AIM OF THE TASK:
Below are records with pictures; copy word for word only the lines between the line with "Close-up of hands" and the line with "Terreno Residencial à", inclusive, and drop the pictures.

SUPPLIED MATERIAL:
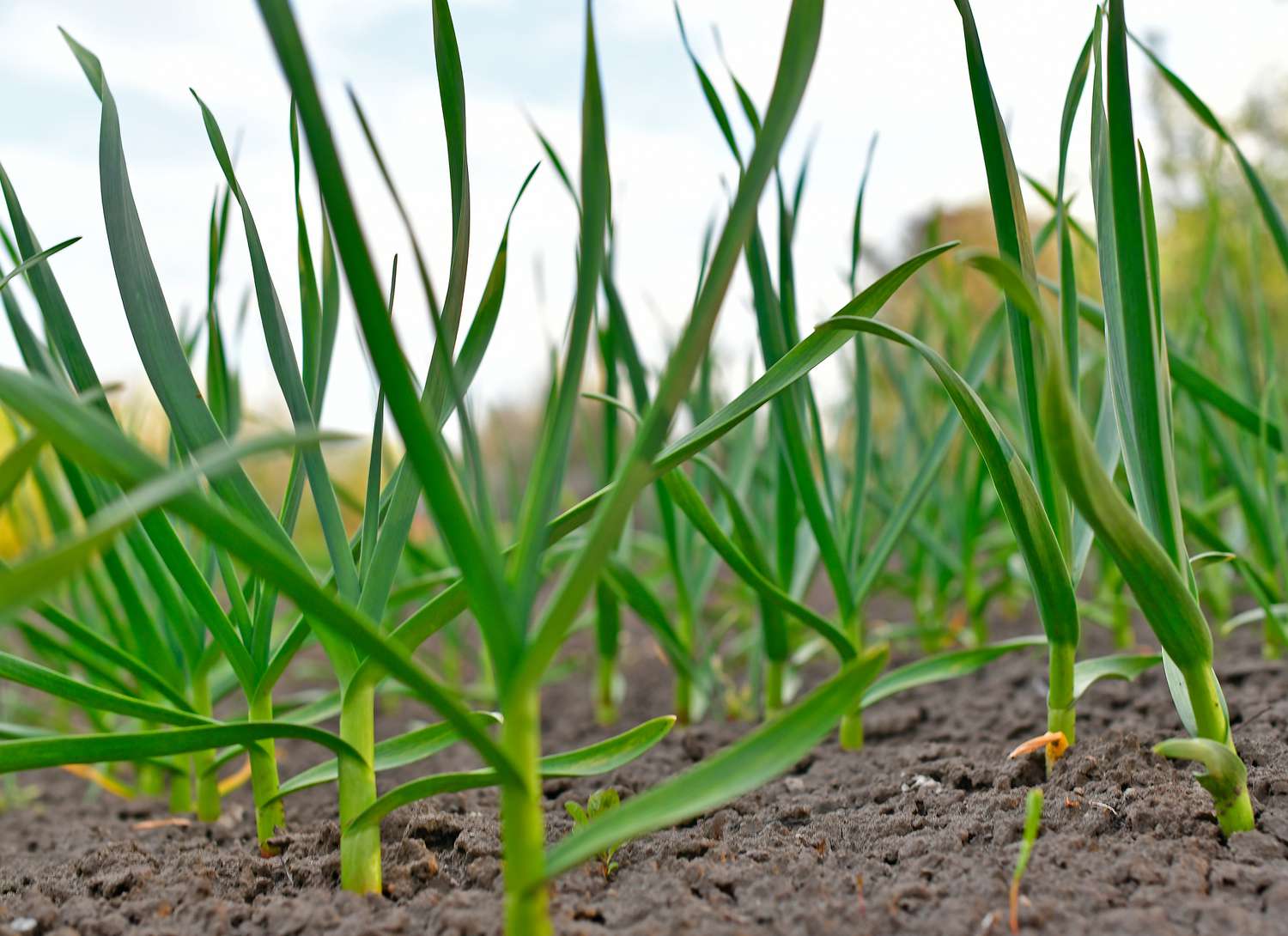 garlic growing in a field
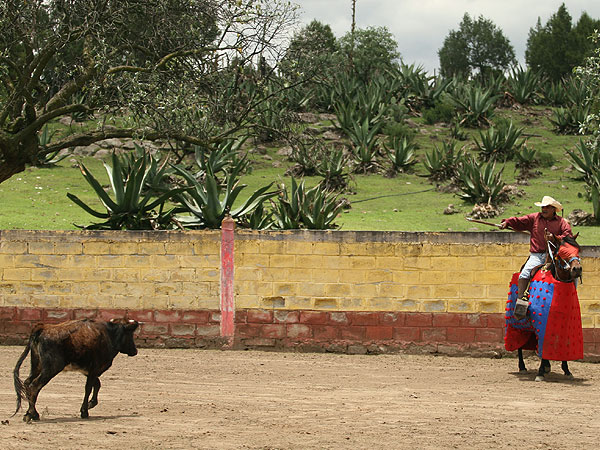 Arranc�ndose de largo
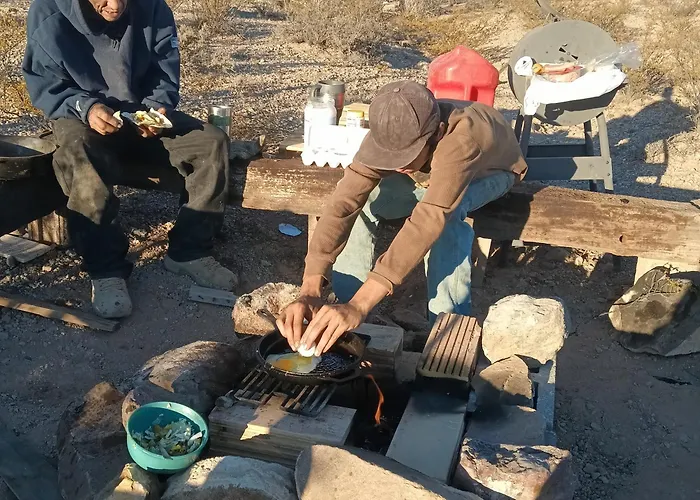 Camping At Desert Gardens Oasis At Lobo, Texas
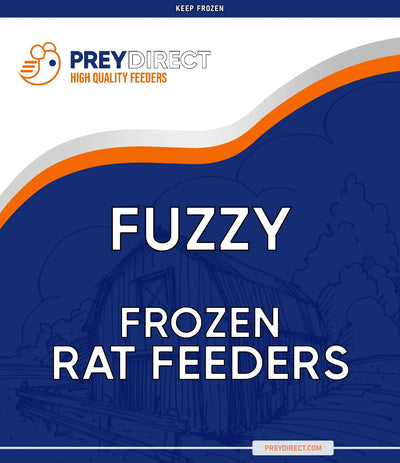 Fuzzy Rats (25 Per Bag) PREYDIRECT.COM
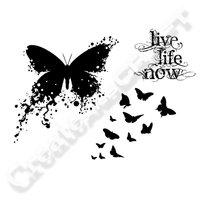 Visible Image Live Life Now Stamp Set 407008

---

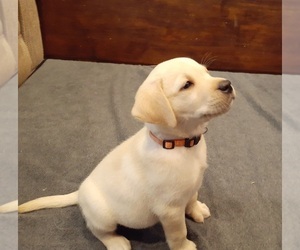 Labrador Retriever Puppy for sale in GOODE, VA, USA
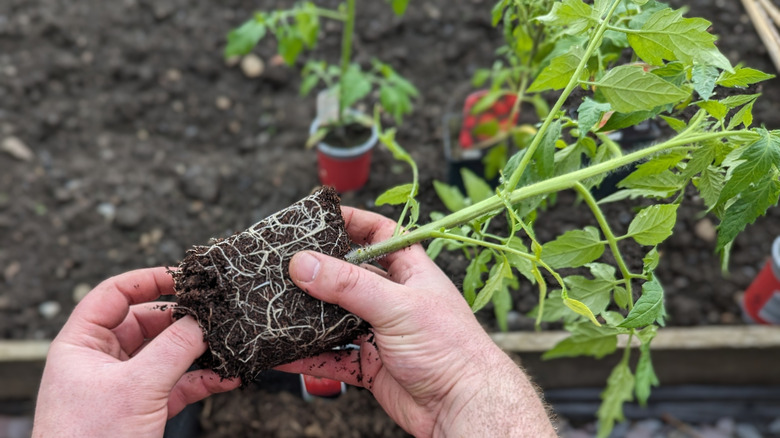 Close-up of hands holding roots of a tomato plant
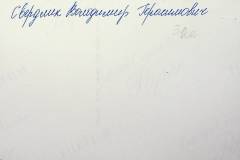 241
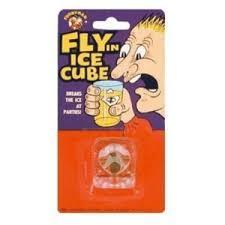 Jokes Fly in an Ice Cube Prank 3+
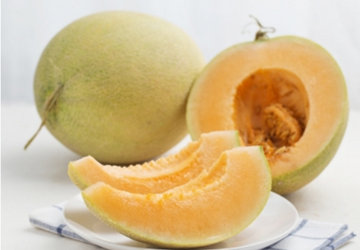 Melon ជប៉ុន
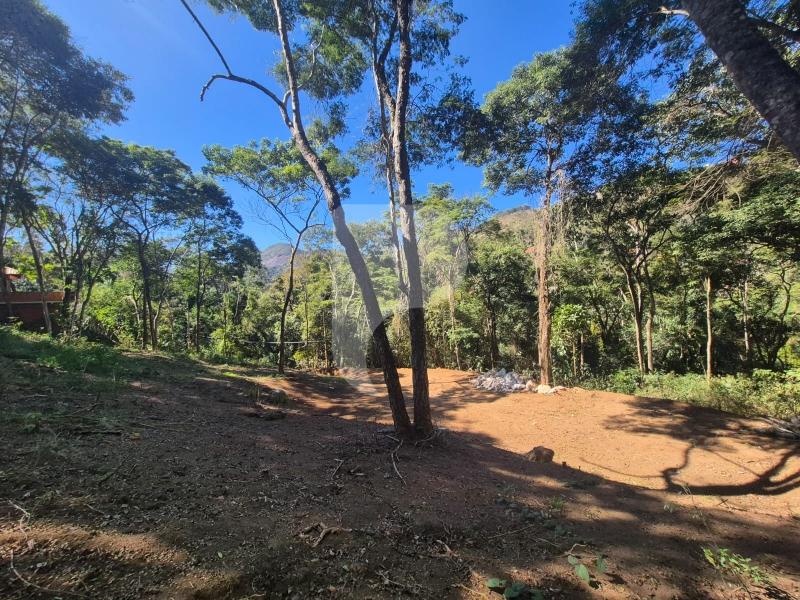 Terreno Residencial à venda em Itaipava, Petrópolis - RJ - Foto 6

---

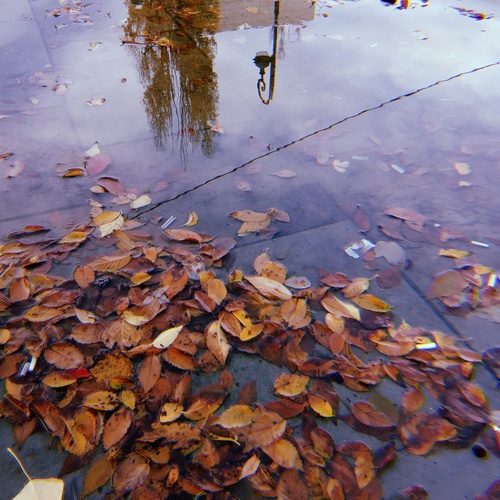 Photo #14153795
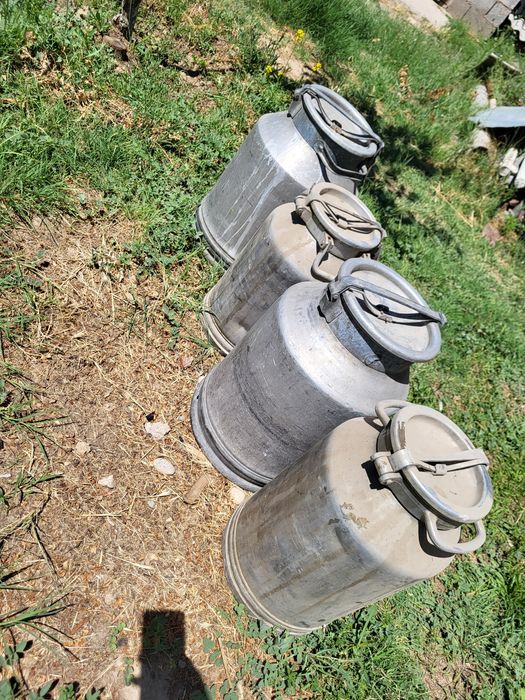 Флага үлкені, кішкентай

EXERCISE OUTPUT:
 Close-up of hands holding roots of a tomato plant
 241
 Jokes Fly in an Ice Cube Prank 3+
 Melon ជប៉ុន
 Terreno Residencial à venda em Itaipava, Petrópolis - RJ - Foto 6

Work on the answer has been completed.